• **HOW TO COMPLETE THIS TASK**
Give back the data below word for word. Any image in it should be left out.

• **INFORMATION SHOWN**
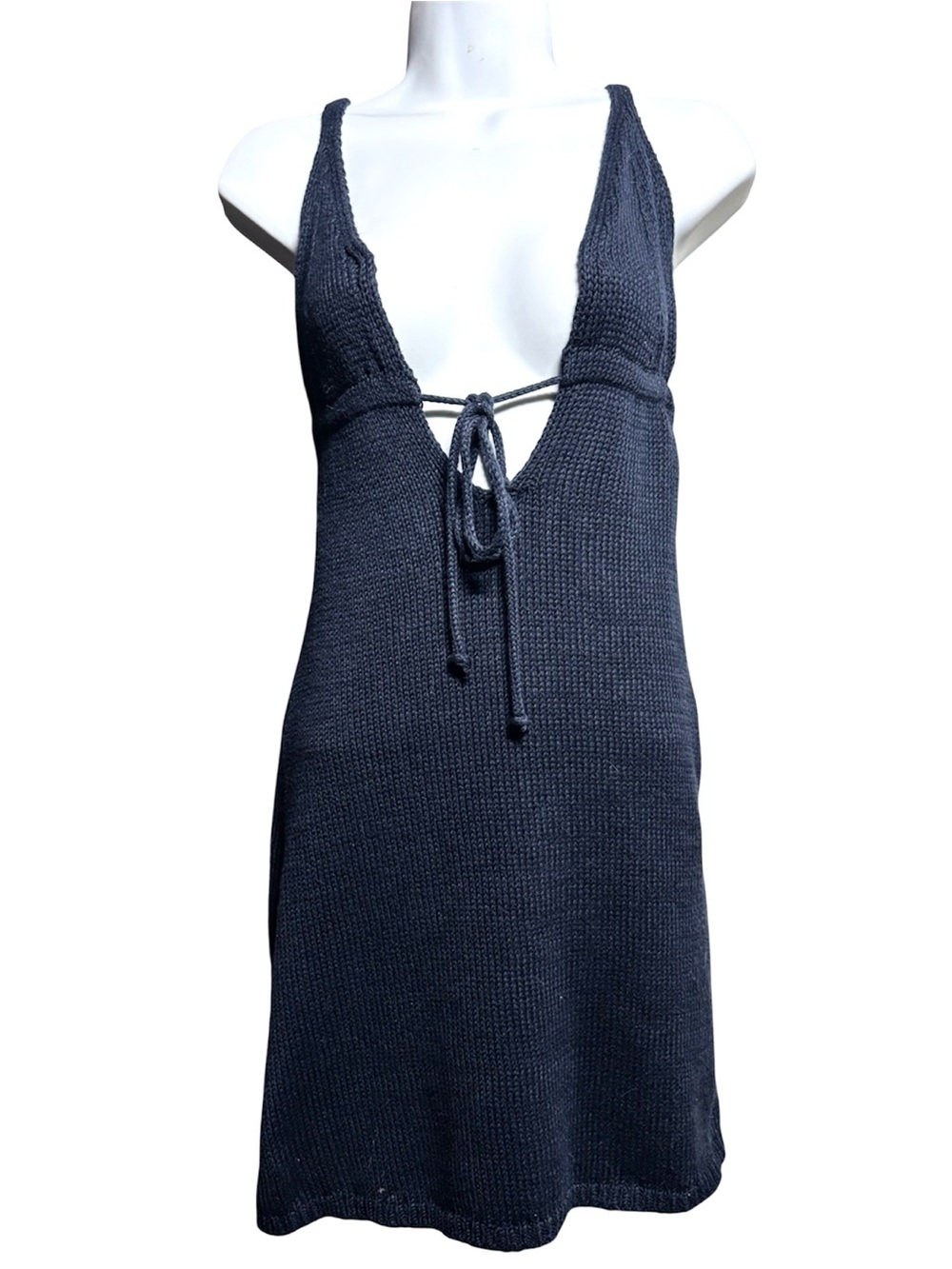 Zara Knit Front Tie Mini Dress – Navy Blue – Size Small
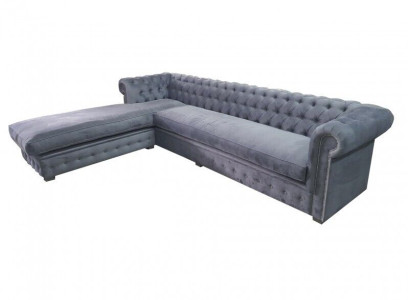 Velvet Corner sofa Chesterfield Textile Fabric Corner sofa Sofa Upholstery Couch Corner suite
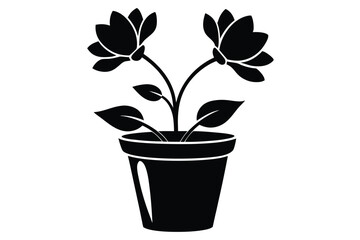 Obraz premium flower in a pot silhouette line art vector illustration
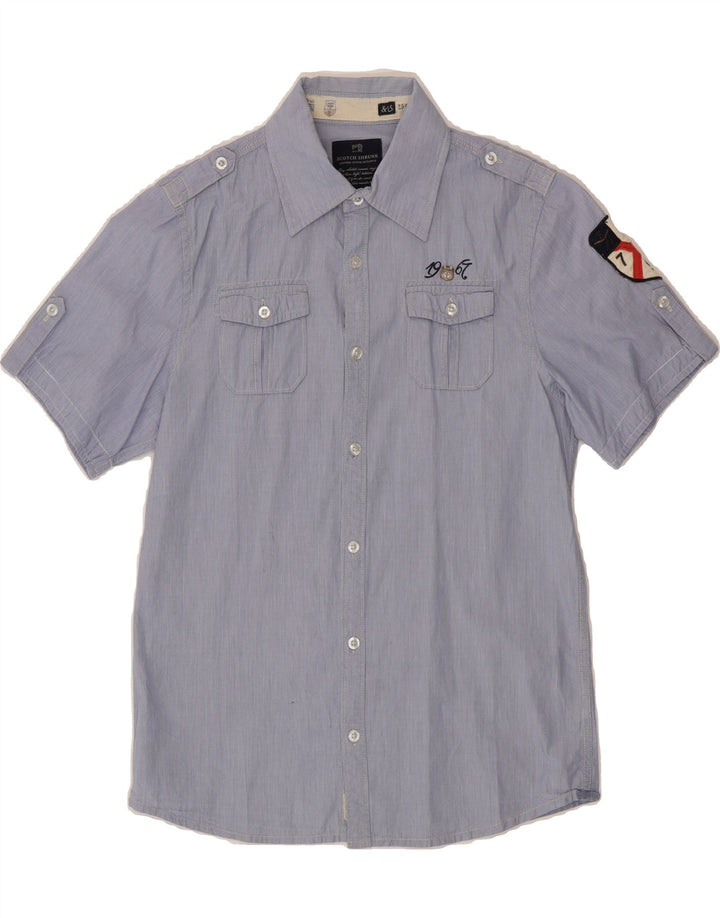 SCOTCH SHRUNK Boys Graphic Short Sleeve Shirt 13-14 Years Blue Cotton Vintage Scotch Shrunk and Second-Hand Scotch Shrunk from Messina Hembry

• **WRITTEN SOLUTION**
 Zara Knit Front Tie Mini Dress – Navy Blue – Size Small
 Velvet Corner sofa Chesterfield Textile Fabric Corner sofa Sofa Upholstery Couch Corner suite
 Obraz premium flower in a pot silhouette line art vector illustration
 SCOTCH SHRUNK Boys Graphic Short Sleeve Shirt 13-14 Years Blue Cotton Vintage Scotch Shrunk and Second-Hand Scotch Shrunk from Messina Hembry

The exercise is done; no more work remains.